Penicillin-resistant strains of S. pneumoniae are increasing in number. The mechanism of resistance is mediated via the development of altered PBPs and the penicillin-resistant strains will generally be resistant to amoxicillin. The addition of clavulanic acid does not overcome this type of resistance. Increased dosages of amoxicillin may be necessary to overcome resistant S. pneumoniae. Community resistance patterns may determine the likelyhood of amoxicillin efficacy against S. pneumoniae.
Amoxicillin is administered orally. Approximately 20% of the circulating drug is protein-bound. Amoxicillin is widely distributed into most body tissues and fluids, excluding the brain and spinal fluid except when meninges are inflamed. Amoxicillin does cross the placenta. A small percentage is excreted in breast milk. The unchanged drug and its metabolites are excreted into the urine primarily via tubular secretion and glomerular filtration. Approximately 60% of an orally administered dose is excreted in the urine within 6 to 8 hours; concurrent administration of probenecid prolongs urinary excretion. In patients with normal renal function, the elimination half-life of amoxicillin is 1 to 1.5 hours.

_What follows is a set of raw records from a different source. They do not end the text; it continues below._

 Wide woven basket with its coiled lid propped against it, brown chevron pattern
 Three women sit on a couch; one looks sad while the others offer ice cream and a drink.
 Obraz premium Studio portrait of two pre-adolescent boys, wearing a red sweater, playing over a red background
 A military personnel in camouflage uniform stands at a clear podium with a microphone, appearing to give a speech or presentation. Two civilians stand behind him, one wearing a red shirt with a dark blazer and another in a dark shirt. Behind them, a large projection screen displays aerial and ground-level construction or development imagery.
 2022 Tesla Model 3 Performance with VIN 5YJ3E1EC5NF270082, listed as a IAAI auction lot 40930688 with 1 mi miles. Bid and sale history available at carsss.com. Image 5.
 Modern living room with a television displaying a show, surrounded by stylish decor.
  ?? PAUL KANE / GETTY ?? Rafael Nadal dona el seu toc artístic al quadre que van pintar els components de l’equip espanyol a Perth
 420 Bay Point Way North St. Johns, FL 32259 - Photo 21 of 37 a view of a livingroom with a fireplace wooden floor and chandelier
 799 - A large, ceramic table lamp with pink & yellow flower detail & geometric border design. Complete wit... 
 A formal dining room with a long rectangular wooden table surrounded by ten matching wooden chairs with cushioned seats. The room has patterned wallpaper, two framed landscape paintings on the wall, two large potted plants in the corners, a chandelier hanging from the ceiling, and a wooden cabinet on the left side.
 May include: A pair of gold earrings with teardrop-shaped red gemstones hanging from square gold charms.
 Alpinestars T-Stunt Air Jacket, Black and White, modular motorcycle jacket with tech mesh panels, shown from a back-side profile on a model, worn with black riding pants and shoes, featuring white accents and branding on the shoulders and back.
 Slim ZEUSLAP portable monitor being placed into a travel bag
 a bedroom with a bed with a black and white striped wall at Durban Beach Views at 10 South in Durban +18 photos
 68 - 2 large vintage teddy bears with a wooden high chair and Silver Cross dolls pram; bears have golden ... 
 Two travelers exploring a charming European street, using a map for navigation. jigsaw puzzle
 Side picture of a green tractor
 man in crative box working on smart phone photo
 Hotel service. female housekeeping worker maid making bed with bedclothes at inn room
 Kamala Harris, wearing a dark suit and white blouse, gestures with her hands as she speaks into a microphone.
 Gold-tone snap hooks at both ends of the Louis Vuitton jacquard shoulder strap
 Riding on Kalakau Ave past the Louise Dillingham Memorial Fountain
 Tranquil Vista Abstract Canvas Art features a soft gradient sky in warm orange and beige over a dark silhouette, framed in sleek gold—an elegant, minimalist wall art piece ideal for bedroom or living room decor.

Affected cytochrome P450 isoenzymes: none
-Route-Specific Pharmacokinetics
Oral Route
Amoxicillin is stable against gastric acid and is rapidly absorbed. Oral bioavailability ranges from 74% to 92%. Amoxicillin is more completely absorbed than ampicillin and, for this reason, is often the preferred oral aminopenicillin.
Immediate-release formulations
Peak concentrations are reached 1 to 2 hours after administration.
Extended-release formulation
Administration of the extended-release formulation results in slower amoxicillin absorption compared to immediate-release products; peak concentrations are reached approximately 3 hours after administration. Amoxicillin exposure (AUC) achieved with the extended-release formulation is similar to that observed after oral administration of a comparable dose of immediate-release amoxicillin suspension. Food decreases the rate, but does not alter the extent of absorption.
-Special Populations
Renal Impairment
Amoxicillin is substantially eliminated by the kidneys and elimination half-life increases as renal function declines. Studies in adult patients have shown that the elimination half-life of amoxicillin is prolonged to approximately 10 to 13 hours in patients with end-stage renal disease. Dosage adjustments are recommended in patients with severe renal impairment.
Pediatrics
Neonates and Young Infants
Because of incompletely developed renal function in neonates and young infants, the elimination of amoxicillin may be delayed. Dosing should be modified in pediatric patients 12 weeks of age or younger (3 months of age or less).